***** RECORDED INFORMATION
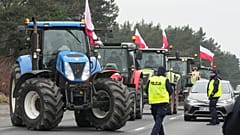 Agricultores polacos bloquean una carretera principal con tractores durante una protesta en Lomianki, cerca de Varsovia, Polonia, el miércoles 6 de marzo de 2024.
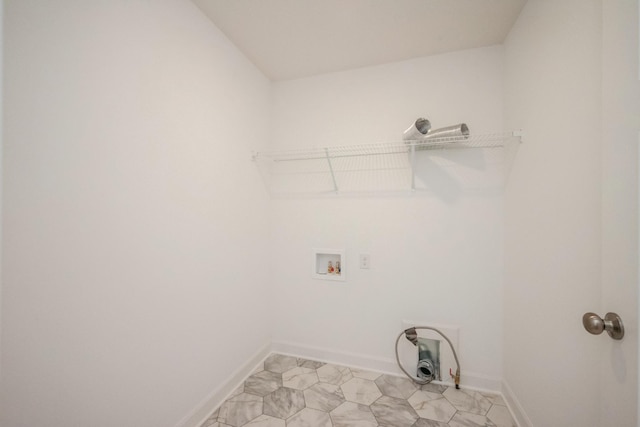 9729 49th St NE, Saint Michael, MN 55376 - laundry room featuring washer hookup and baseboards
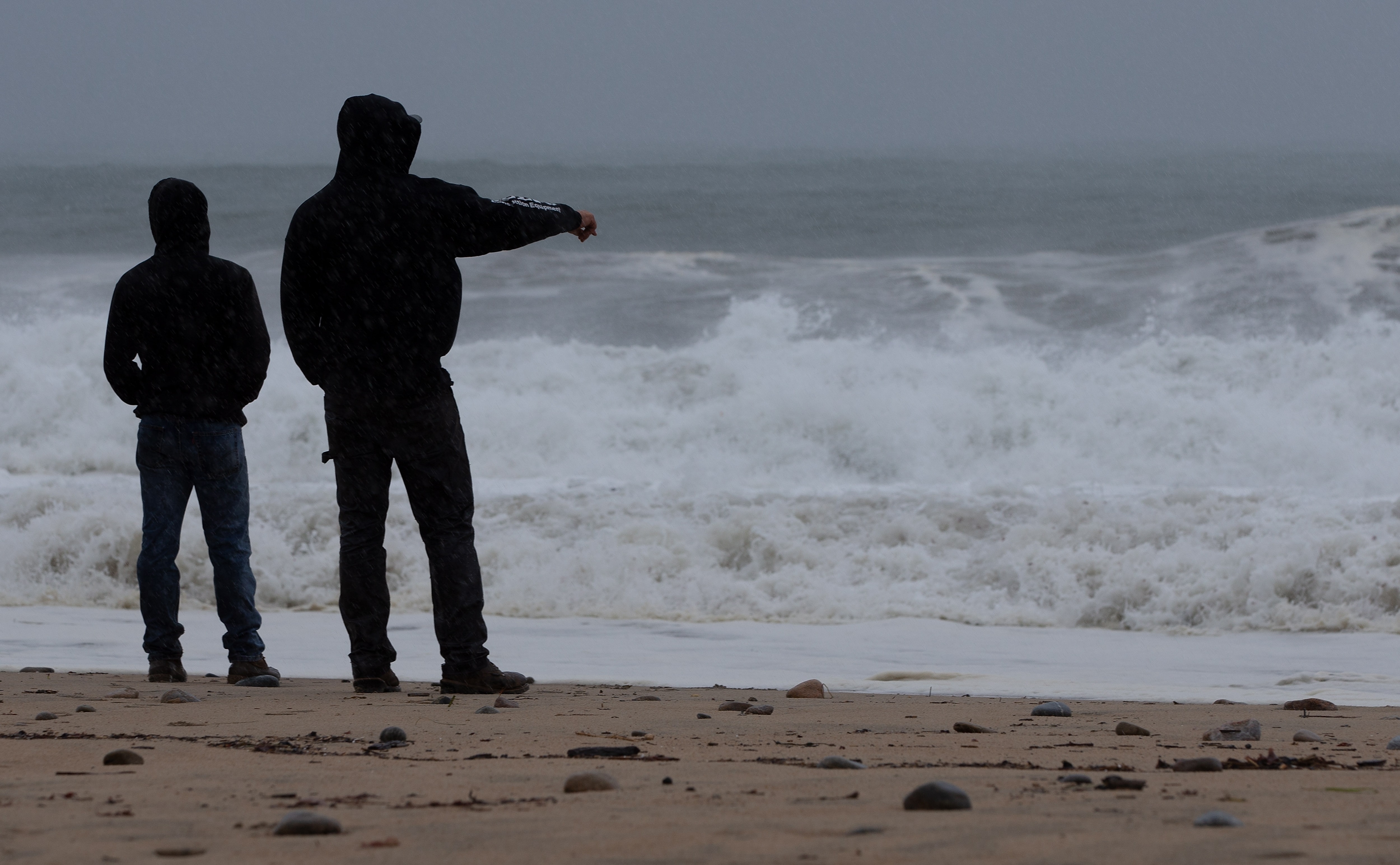 Henri producirá una marejada ciclónica, con riesgo de subida del nivel del mar de hasta 1.50 metros en algunos puntos de la costa. Fotografía: EFE.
**********
** WORK INSTRUCTIONS **
Skip the pictures. Write out exactly the lines from the one with "9729 49th St" through the last line of the listing, both ends included, and nothing more.

** WRITTEN ANSWER **
 9729 49th St NE, Saint Michael, MN 55376 - laundry room featuring washer hookup and baseboards
 Henri producirá una marejada ciclónica, con riesgo de subida del nivel del mar de hasta 1.50 metros en algunos puntos de la costa. Fotografía: EFE.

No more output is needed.